The raw data file should contain actual observations – thick descriptions; interviews; questionnaires; and/or content analysis.

The methodological log should document how the research process is going, how your role as researcher is evolving, and what questions and techniques you tried and how people responded to you/them; that is, what was successful? unsuccessful? Are you on-schedule or off-schedule and why? The log should also list questions that you may want to address through subsequent interviews, observations, or possibly questionnaires.

The analytical journal provides you with the opportunity to ponder, question, and ultimately, organize your findings. Emerging patterns or themes in your research should be addressed: what themes/categories are emerging? What hypotheses are you formulating? What evidence supports/challenges/negates a specific hypothesis? How are your research questions related to other important aspects of the organization/subject you are studying? What variables are interrelated and how? Entries should be made once the research is underway and analytical themes begin to emerge.

I have found it useful to note a theme at the top of an index card or piece of paper, and then go back and excerpt quotations from the interviews/transcripts that are relevant. For example, in interviews with immigrants one may begin to recognize certain concepts or metaphors being used – say that of “rootlessness” or “stranger” or “resilience.”

“I felt like a stranger, one who lived here but was not from here” (Borges, SR1:1).

“I feel like a tree in this country, a tree without roots. But when the wind blows, I have to appear as strong as the other trees (Andreson, SR3:12).

While the first quotation clearly goes under the category of “Stranger,” the second quotation may fit under all three categories. In the end you may collapse categories or expand them – it will be an iterative process. As you continue interviewing, you may find that certain patterns emerge and you may want to address these directly in your interviews. For example, you may say to someone, “I’ve noticed from a number of the interviews I’ve done that people often speak of restlessness, of feeling like they’ve never really put down roots here” – does that describe your experience at all? or “have you ever feel that way or not?

The challenge here is to move deeper into your interviews, to recognize if patterns are emerging, and to explore them without asking leading questions. One way is to present a range of responses. For example, you’ve found from your interviews that: “some people have said they felt right at home here; others say they have never felt at home here – that they feel they just don’t have any roots here.” What has your experience been?

Establishing Rapport: Finally, and most importantly, you will want to establish a comfortable rapport with people. This means really listening to what people have to say to you; enjoying the interview-conversation; and appreciating the gift you are being given by the historians who are willing to share with you their story and their lives, as well as their time and energy. The more natural and comfortable you can be, the more comfortable they will be. So keep in mind these tips, but in the end, relax and with both humility and self-assuredness, be yourself-in-conversation-with-another who has much to share.

Reflecting: Which of course, also means thinking about who you are in interaction with an other!

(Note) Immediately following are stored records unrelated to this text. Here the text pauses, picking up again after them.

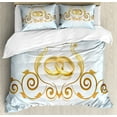 thumbnail image 1 of Ambesonne Wedding Duvet Cover Set, Vintage Classic Rings, 2-Calking, Pale Blue Caramel Yellow, 1 of 3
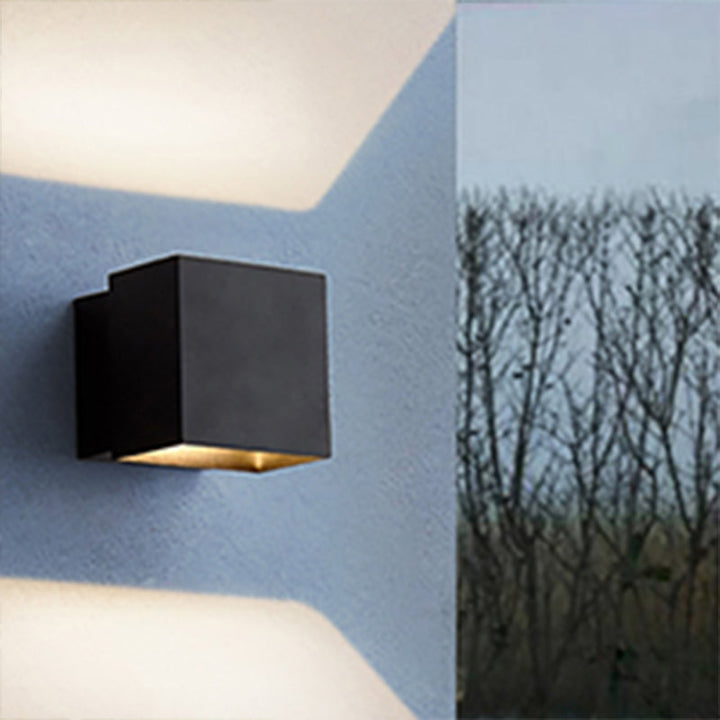 Lisslune | Cube Up and Down LED Wall Light Contemporary Metal Black/Grey/White Outdoor Wall Light with Adjustable Angle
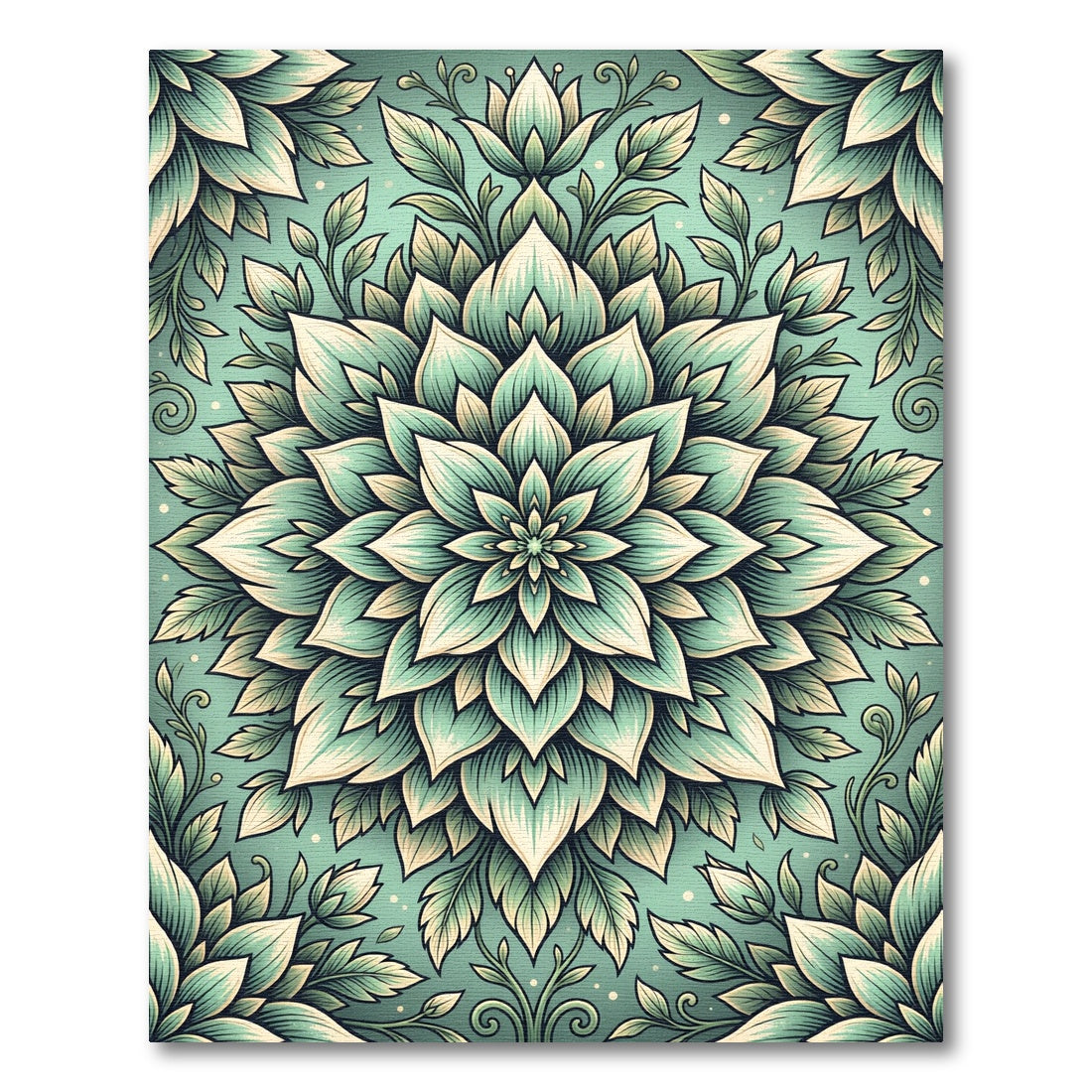 Sage Green Botanical Floral Mandala Rug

The inter/view engages students in a dialogue – in an exchange between two subjects. It as, as Portelli describes it a “mutual sighting” (1991:31). This we’ll talk about later!

Note: We may ask to see your journals in order to best advise you with regard to your research. They will be essential to conducting and writing up the research and will provide the raw material for our discussions and workshops.

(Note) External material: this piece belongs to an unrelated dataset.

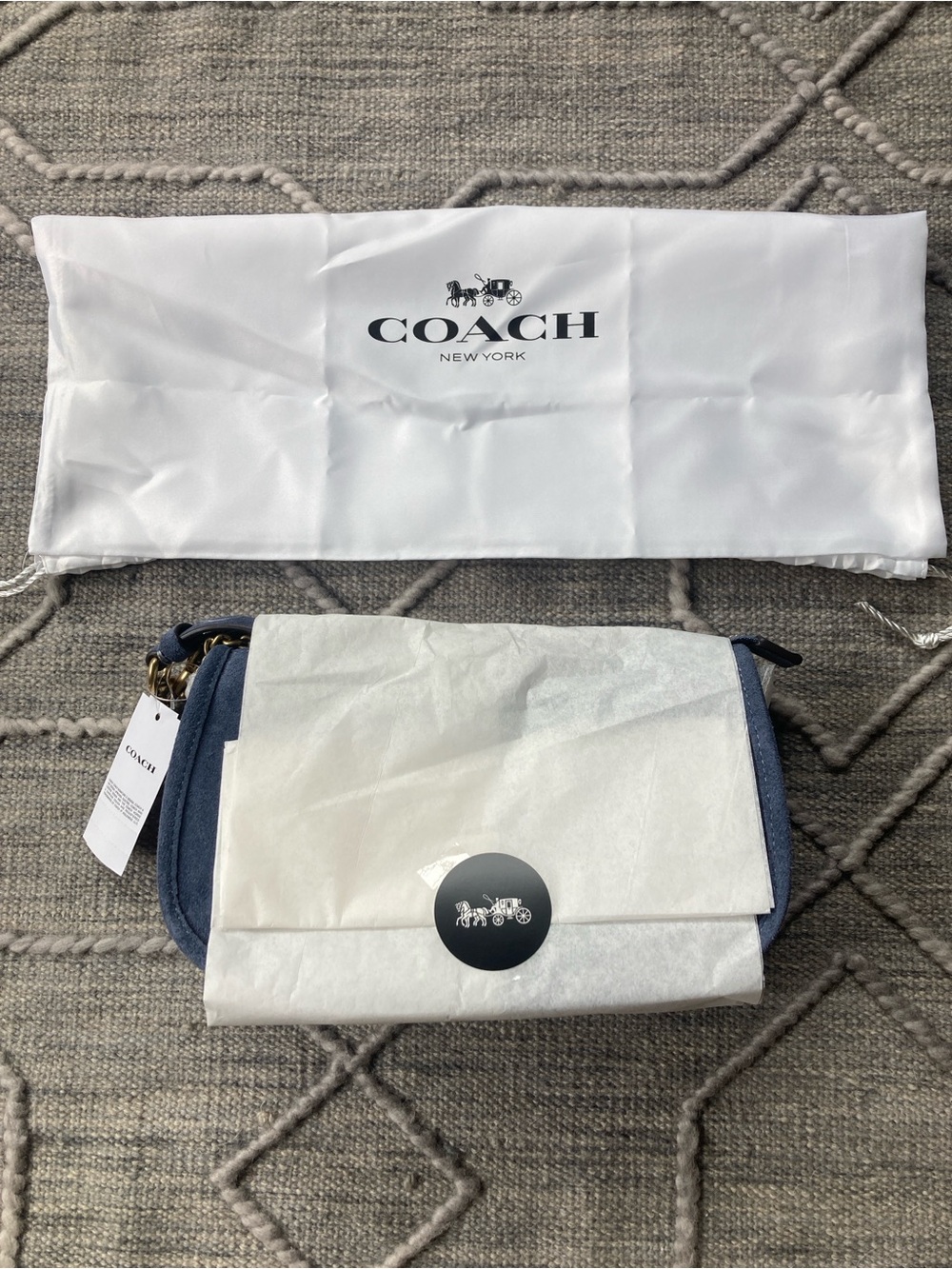 COACH Waverly Shoulder and Crossbody Bag-Brass Hardware and Light Denim Suede - Picture 14 of 15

  1. Taken from the transcript of an interview with Andreson; SR3 stands for Susan Rose, interview #3 (consecutively numbered); page 12.
  2. In the tradition of oral history work, interviewees or narrators are considered to be the experts, the  “historians.” Interviewers are considered the “students,” who through asking, listening, recording, and analyzing both similarities and differences, consistencies and contradictions across people’s testimonies, can learn much about people’s lives and how they interact with larger social forces.